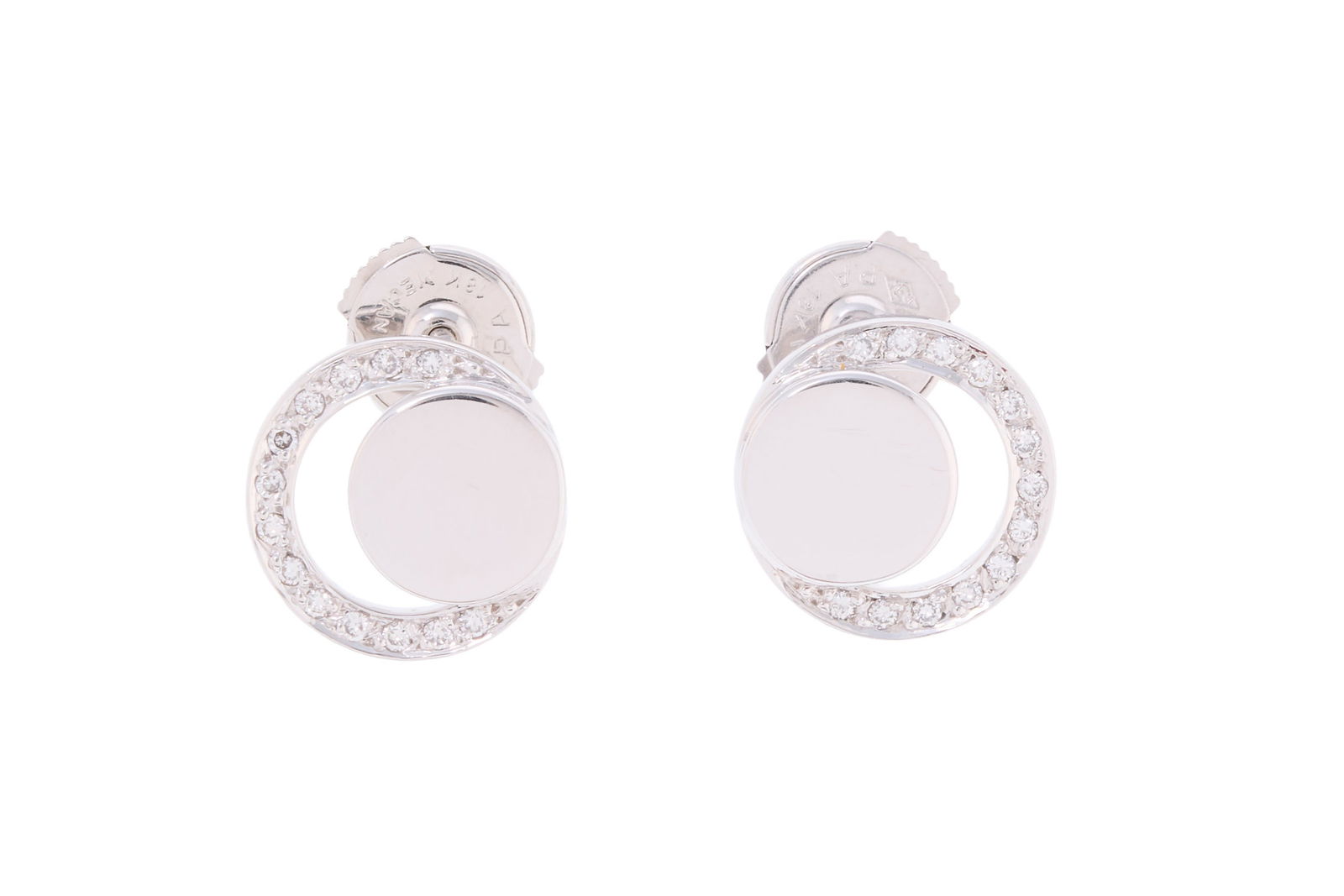 Dinh Van, paire de clous d'oreilles or gris 750 sertis de diamants taille brillant, signés, h.  (1 of 4)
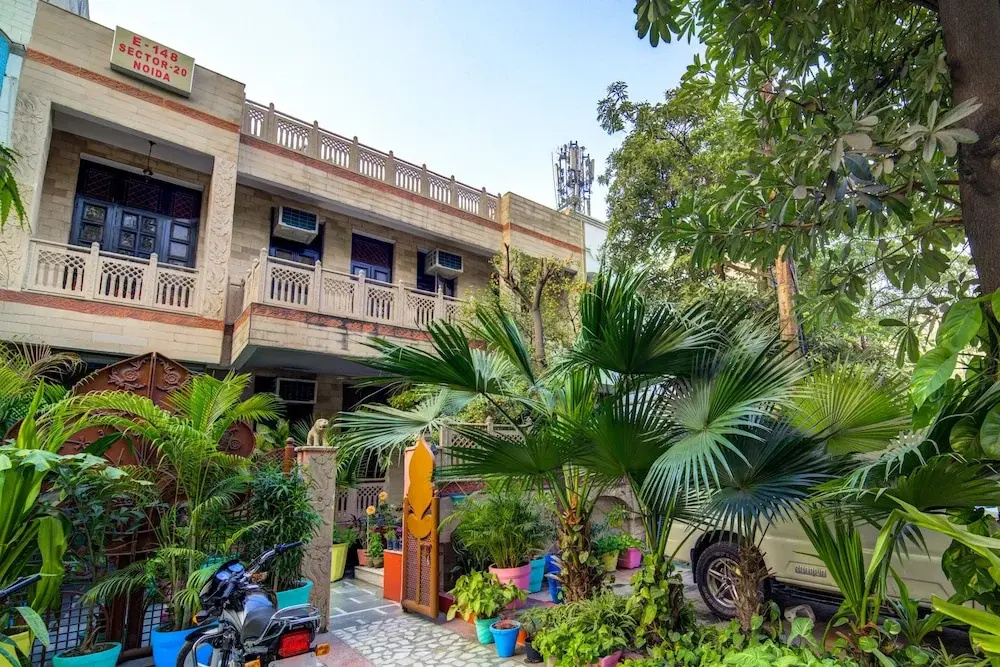 Oyo 28011 Shubhangni Residency 2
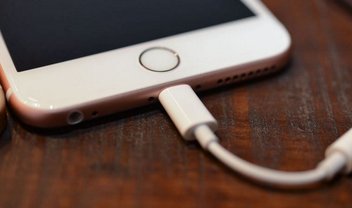 Adaptador do iPhone 7 para usar fones na porta Lightning aparece em vídeo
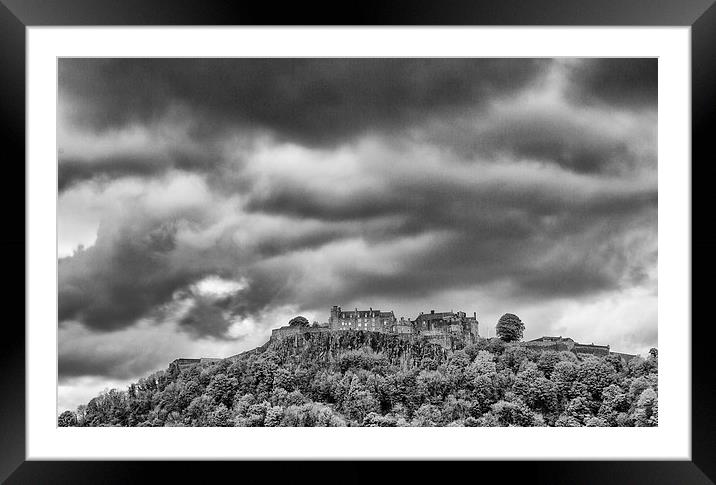  Stirling Castle Framed Mounted Print by Ian Young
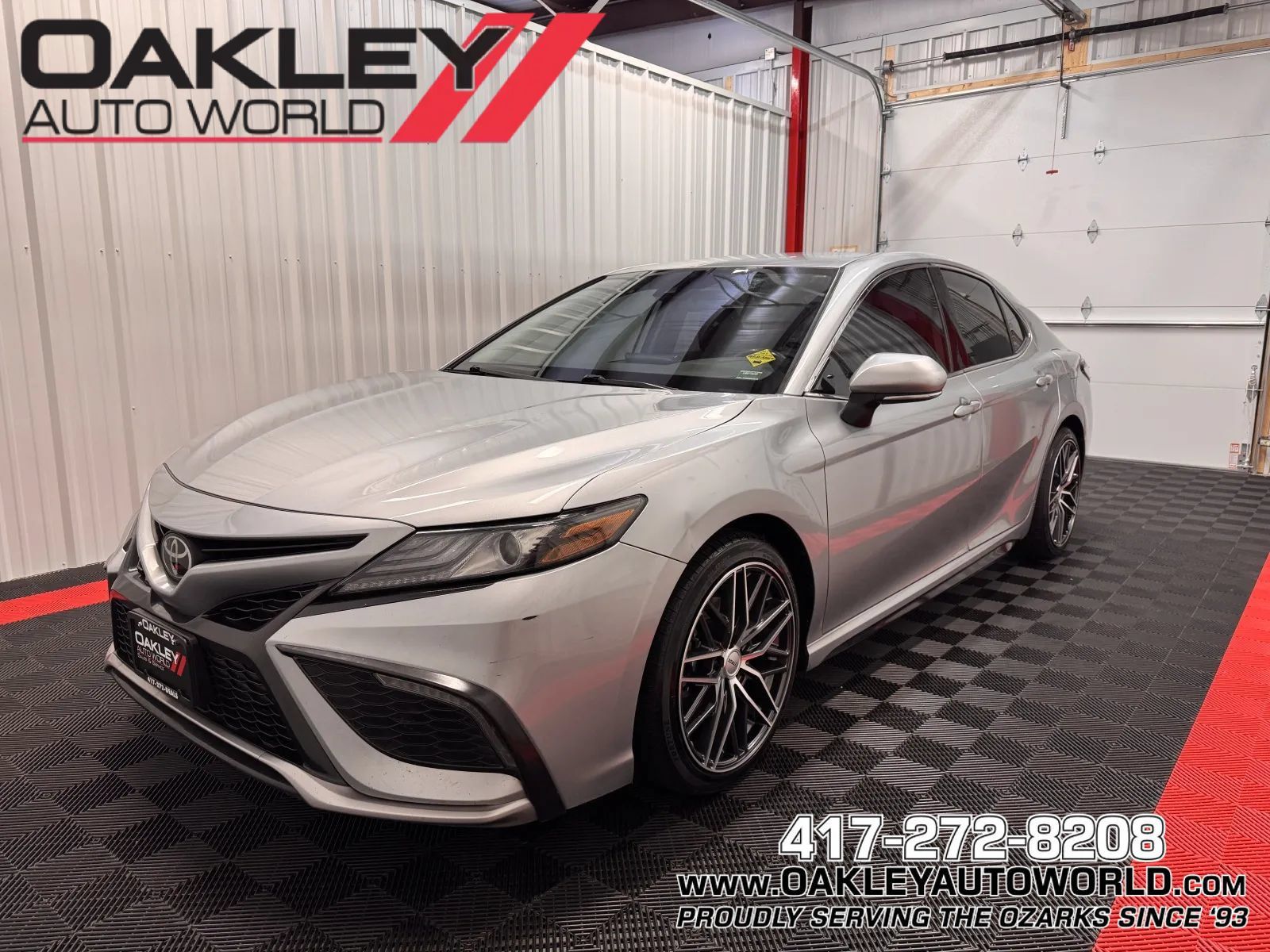 Used 2022 Toyota Camry XSE FWD image 1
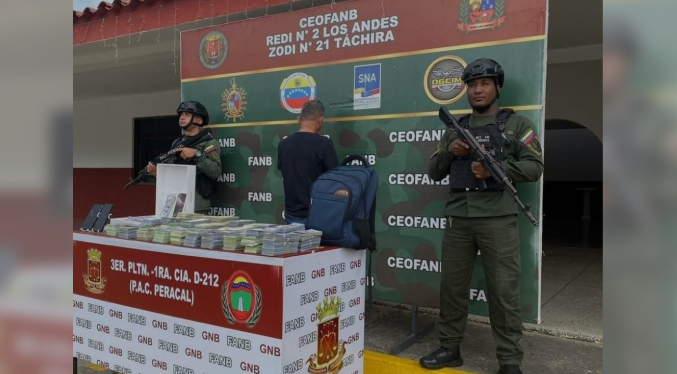Privan de libertad a un colombiano por fabricación de más de USD 10 mil falsos en Táchira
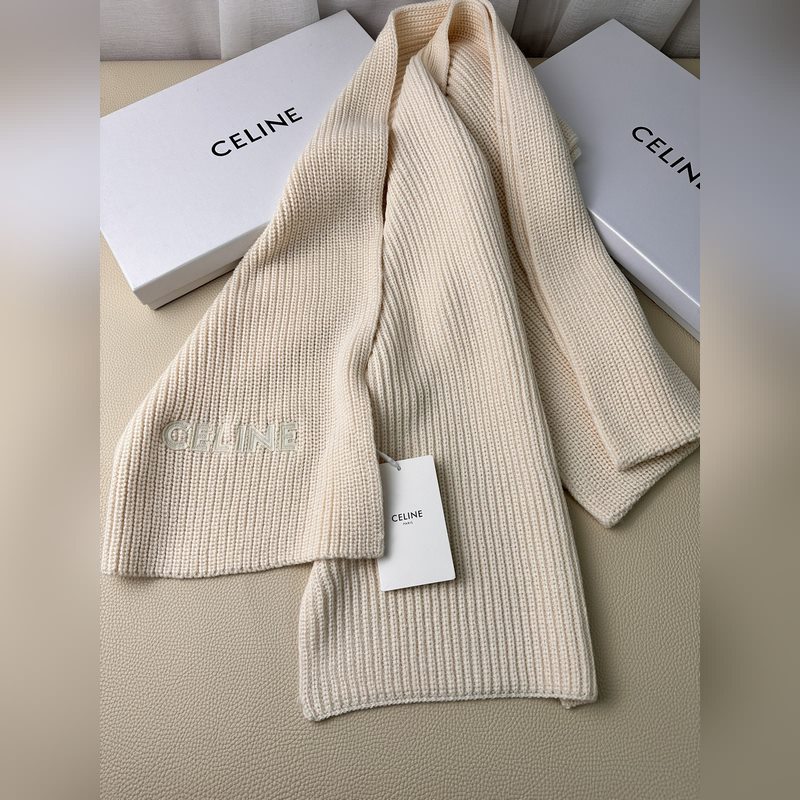 CELINE· 賽琳經典羊絨圍巾 來個硬貨.麻溜的安排上. 好品質認證第一點：超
================
» YOUR OBJECTIVE
Keep the pictures out of your copy, and repeat every entry above exactly.

» EXPECTED OUTPUT
 Dinh Van, paire de clous d'oreilles or gris 750 sertis de diamants taille brillant, signés, h.  (1 of 4)
 Oyo 28011 Shubhangni Residency 2
 Adaptador do iPhone 7 para usar fones na porta Lightning aparece em vídeo
  Stirling Castle Framed Mounted Print by Ian Young
 Used 2022 Toyota Camry XSE FWD image 1
Privan de libertad a un colombiano por fabricación de más de USD 10 mil falsos en Táchira
 CELINE· 賽琳經典羊絨圍巾 來個硬貨.麻溜的安排上. 好品質認證第一點：超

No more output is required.